Lawyers Briefing Notes
Fri, 16 Sep 2011
Indemnity Costs: pursuing a weak claim
Costs under CPR Part 44.4 are awarded on a standard or indemnity basis. If a party is awarded costs on an indemnity basis the court will resolve any doubt about the reasonableness of the costs claimed in favour of the receiving party.
It is extremely rare for a party to recover all of its costs from the opponent and so any opportunity to claim costs on an indemnity basis would be an attractive proposition.
The factors that fall to be considered when deciding whether to order indemnity costs have been developed incrementally through case law and the following are not exceptional propositions:-
Indemnity costs are not intended to be penal and regard must be had to what in the circumstances is fair and reasonable.
An order for indemnity costs can be made even where the paying parties conduct can not properly be regarded as deserving of moral condemnation.
The court has a very wide discretion but there must be some conduct or some circumstances which takes the case out of the norm.
The conduct must be unreasonable to a high degree.
Pursuing a weak claim will not usually, on its own justify an order for indemnity costs but to maintain a claim that a party knows or ought to know is doomed to fail on the facts and law is conduct that is so unreasonable as to justify such an order.
There is no injustice to a claimant in denying it the benefit of an assessment on a proportionate basis when the claimant has shown no interest in proportionality in casting its claim disproportionately widely requiring the defendant to meet such a claim.
If one party has made a real effort to find a reasonable solution and the other has resisted that sensible approach then the latter puts himself at risk.
Rejection of a reasonable offer will not automatically result in an order for indemnity costs but where the successful party has behaved reasonably and the losing party has behaved unreasonably the rejection of that offer may result in such an order.
Rejection of two reasonable offers can of itself justify an order for indemnity costs.
Whilst every cases turns on its facts, clearly the application of any of the above propositions could be persuasive in a claim for indemnity costs following success at trial or on application at detailed assessment.

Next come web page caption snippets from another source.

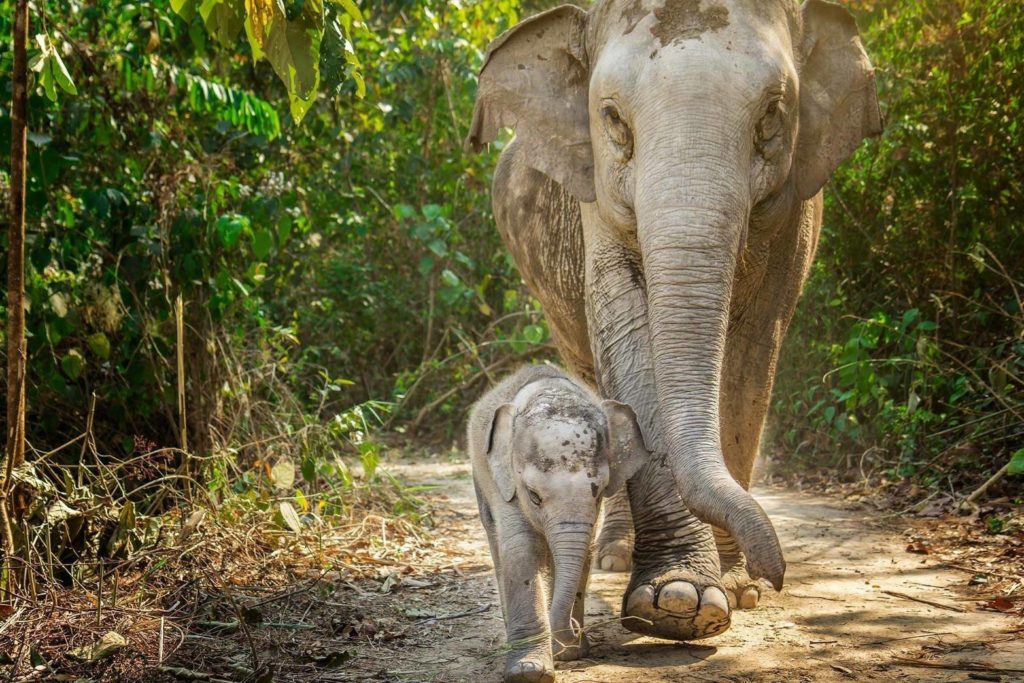 elephant sanctuary phuket tours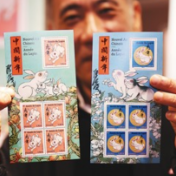 中国兔火遍世界各地（侨界关注）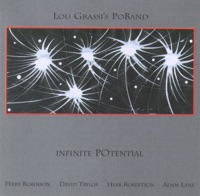 Infinite Potential - Lou Grassi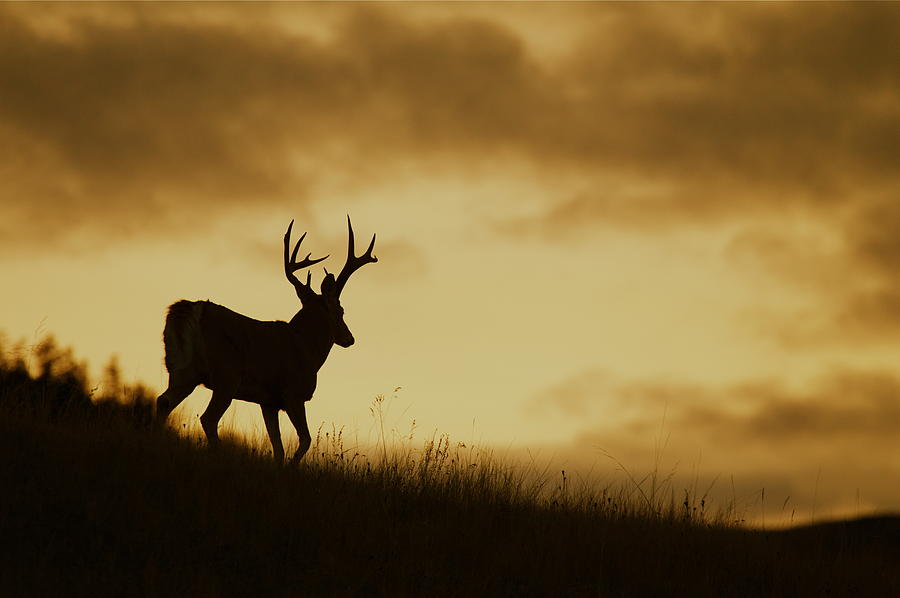 Deer Photograph - Whitetail Buck Ridgetop Silhouette by Tom Reichner
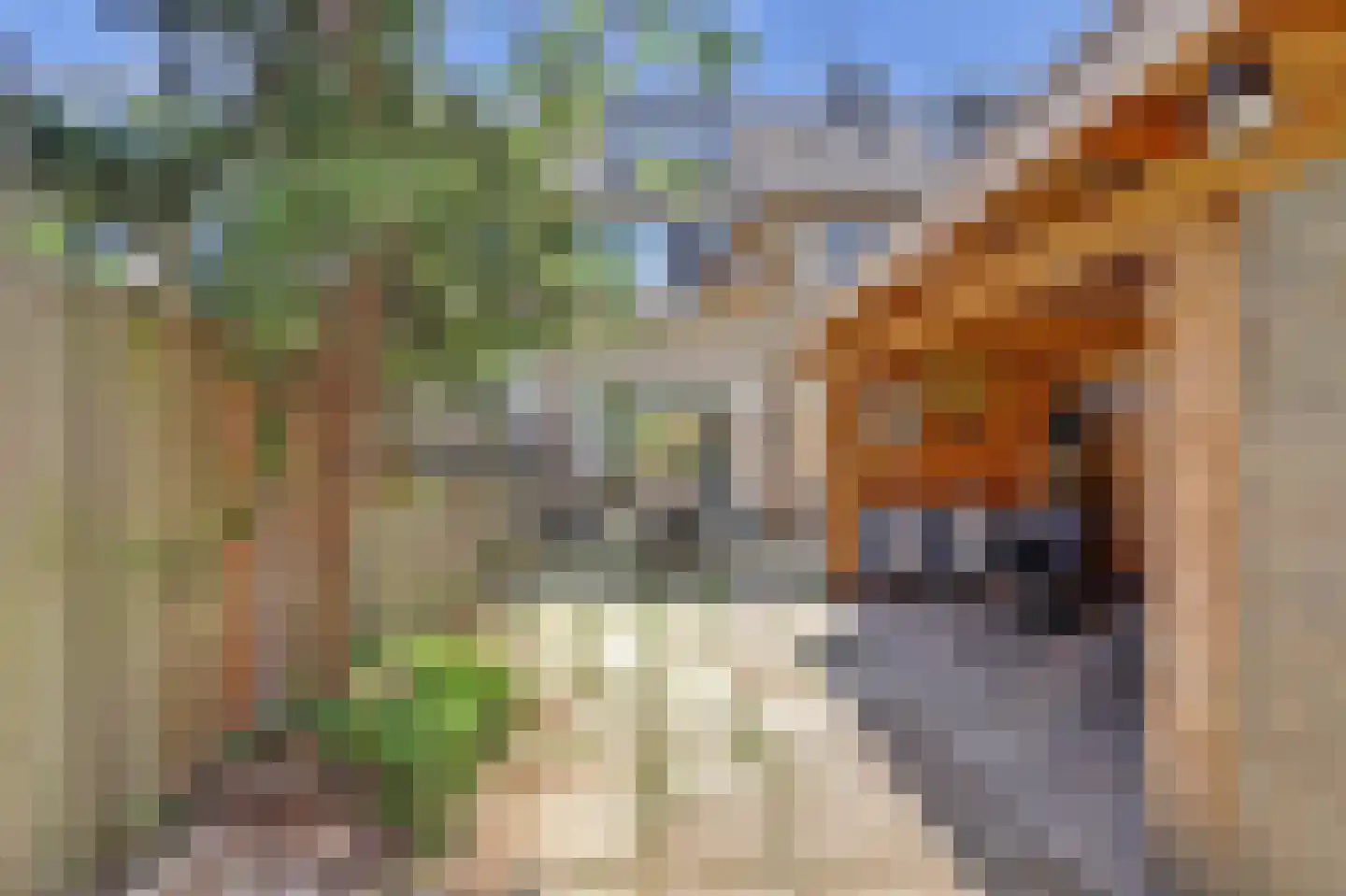 Slauerhoffstraat 18 Ridderkerk thumbnail 31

The recent decision of Southwark LBC v IBM UK Limited [2011] EWHC 653(TCC) the court decided that it was appropriate to order indemnity costs from the time when an offer to settle made by the defendant should have been accepted by the claimant in circumstances where it would have been apparent to the claimant by that time that it was pursuing a weak claim.
Southwark LBC had advanced claims based on an overarching contract, misrepresentation, negligence and collateral warranty, its main complaint being that the software provided by IBM UK Limited was not fit for purpose.
At trial, the claim by Southwark was dismissed and judgment was entered for IBM. IBM sought indemnity costs on the basis that Southwark pursued the action without any evidence about its allegations. In the case, Southwark did not serve any witness statements choosing instead to rely on pre contract documentation and proof of a collateral contract. The judge considered this to be evidence in support of its allegations. However, by the end of 2010 when the witness statements had been served, Southwark should have become aware that its case was seriously weakened.
Pursuing a case consisting of wide ranging and shifting allegations, the judge accepted that Southwark had put its case in a variety of ways however the essential case was always that the software was not fit for purpose. By mid January 2011, after the exchange of witness statements, Southwark should have been aware that over half its complaints on suitability were not supported by its own expert and again, at that stage, should have been aware that its case was at best very weak.
It was around this time that IBM put forward a ‘drop hands’ offer which the court said was a good offer given the difficulties which Southwark ought to have appreciated and there was no good reason why it was not accepted.
The court decided that the facts of this case pursuing a weak claim was sufficient to justify an award of costs on an indemnity basis.
There is a caveat to this decision in that the court was able to identify a point in time where Southwalk should have been aware that they were pursuing a weak case but continued regardless.
Undoubtedly, this case should serve as a short across the bows to would be claimants who are pursuing a frivolous claim. This does not mean to say that they don’t have a legitimate claim but the deciding factor will be whether the claim is weak on the evidence.